After the two weeks of treatment, the bales are ready for planting. The internal temperature should be about 75 to 80 degrees F, which you can verify with a compost thermometer. Probe from side of the bale, about halfway down. Low-tech option: Use your finger. The interior should feel warm, but not hot. If the bale still feels too hot, wait another couple days and check again.
How to plant
To plant seedlings — tomato, pepper, eggplant and greens — make a gap or divot in the top of the bale and set the roots in place. Fill in around the roots with a good-quality, peat-based potting soil, ensuring that the seedlings are well-seated and level with the surface of the bale. Water gently and, if needed, add more soil to fill gaps and stabilize the seedling.
Just planted: red Russian kale and collard seedlings.
Plant no more than two tomato, pepper or eggplant seedlings per bale. I’ve found that all tomato varieties — indeterminate, determinate and dwarf — work well in bales. Success depends upon the ability to adequately support them. If you can’t provide a tall stake or fencing behind the bale, choose determinate or dwarf varieties. For other crops, use the spacing that’s recommended for the variety you choose.
To plant crops from seed, spread a 2-inch layer of moistened, peat-based potting soil on the top of the bale. Avoid bagged “topsoil,” which is too coarse for good germination and can become waterlogged. Tamp it down, make it smooth and water lightly. Plant seed at the recommended depth and spacing. Be sure to water regularly during germination.
Two prepared bales, top-coated with potting mix. Squash seeds will be planted here when warm weather arrives.
Stakes and supports
A good way to support tall plants, such as tomatoes, is with sturdy stakes hammered through the bale and into the ground underneath. Wire tomato cages work for medium-sized plants, such as peppers, eggplants and compact tomatoes, but taller plants can end up a bit unstable as they become laden with the harvest and the bales soften.
When growing in straw bales, it’s worth considering compact varieties, which can be surprisingly productive. And when it comes to tomatoes, consider some of the varieties identified by the Dwarf Tomato Project.
To support tall plants growing in bales that are placed on a hard surface, anchor sturdy stakes to the back of the bale.
Care and troubleshooting
Bales can dry out quickly because they are above ground and permeable. Be sure to water regularly. Drip irrigation or a soaker hose, draped across the top, work well.
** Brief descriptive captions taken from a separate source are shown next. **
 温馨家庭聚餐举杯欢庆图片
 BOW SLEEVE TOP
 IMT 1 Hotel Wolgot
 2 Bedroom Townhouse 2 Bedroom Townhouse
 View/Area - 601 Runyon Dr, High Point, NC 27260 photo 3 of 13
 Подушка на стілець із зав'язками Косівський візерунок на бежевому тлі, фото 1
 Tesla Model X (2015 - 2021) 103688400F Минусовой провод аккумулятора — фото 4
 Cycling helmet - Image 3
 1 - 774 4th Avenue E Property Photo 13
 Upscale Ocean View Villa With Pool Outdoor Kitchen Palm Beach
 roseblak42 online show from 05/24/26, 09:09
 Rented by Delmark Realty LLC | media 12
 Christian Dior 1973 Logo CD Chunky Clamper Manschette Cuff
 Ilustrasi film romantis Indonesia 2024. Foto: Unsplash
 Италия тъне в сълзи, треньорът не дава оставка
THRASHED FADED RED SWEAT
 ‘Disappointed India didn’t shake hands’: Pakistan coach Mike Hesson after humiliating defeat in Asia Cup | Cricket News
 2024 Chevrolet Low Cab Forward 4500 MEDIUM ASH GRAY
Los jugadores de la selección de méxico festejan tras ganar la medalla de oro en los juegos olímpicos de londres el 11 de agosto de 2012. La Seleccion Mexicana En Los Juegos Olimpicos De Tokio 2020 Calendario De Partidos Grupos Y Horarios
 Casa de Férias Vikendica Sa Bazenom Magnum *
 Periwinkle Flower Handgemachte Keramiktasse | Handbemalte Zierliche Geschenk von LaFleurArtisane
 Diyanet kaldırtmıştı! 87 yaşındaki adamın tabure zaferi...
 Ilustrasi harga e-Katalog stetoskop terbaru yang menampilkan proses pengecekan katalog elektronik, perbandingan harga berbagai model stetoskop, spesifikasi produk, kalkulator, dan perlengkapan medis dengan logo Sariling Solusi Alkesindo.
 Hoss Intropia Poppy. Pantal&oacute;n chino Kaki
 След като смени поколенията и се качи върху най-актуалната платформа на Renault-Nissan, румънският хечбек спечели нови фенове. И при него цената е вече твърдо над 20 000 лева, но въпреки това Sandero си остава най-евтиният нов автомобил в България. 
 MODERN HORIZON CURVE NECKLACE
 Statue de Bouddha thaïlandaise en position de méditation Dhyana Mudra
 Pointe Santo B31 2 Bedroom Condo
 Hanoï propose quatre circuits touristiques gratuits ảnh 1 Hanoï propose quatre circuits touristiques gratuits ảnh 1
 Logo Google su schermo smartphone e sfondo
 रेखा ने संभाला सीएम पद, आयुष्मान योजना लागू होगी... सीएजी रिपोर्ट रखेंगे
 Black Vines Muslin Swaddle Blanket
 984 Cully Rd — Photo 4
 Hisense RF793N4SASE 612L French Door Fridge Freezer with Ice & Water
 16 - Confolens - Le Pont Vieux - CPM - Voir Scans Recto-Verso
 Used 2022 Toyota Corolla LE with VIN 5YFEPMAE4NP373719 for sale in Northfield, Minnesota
Squash seedlings with mushrooms, which are common early in the season. The harmless mushrooms can be left in place. They will disappear quickly.
Similarly, regular feeding is important, because frequent watering will lead to nutrient loss more quickly. Feed your crops once a week with a balanced, water-soluble plant food.
Because the bales are elevated, it helps deter certain critters, such as rabbits. I’ve found slugs to be a bit of a bother to bush beans. A sprinkling of diatomaceous earth helps with this issue.
By the end of the season, the bales will break down, the extent depends on the crops grown in them and the weather. Some hold up well enough to plant garlic in the fall. Others collapse into a rich mound of compost, perfect for adding to containers, amending garden beds or tossing in the compost pile.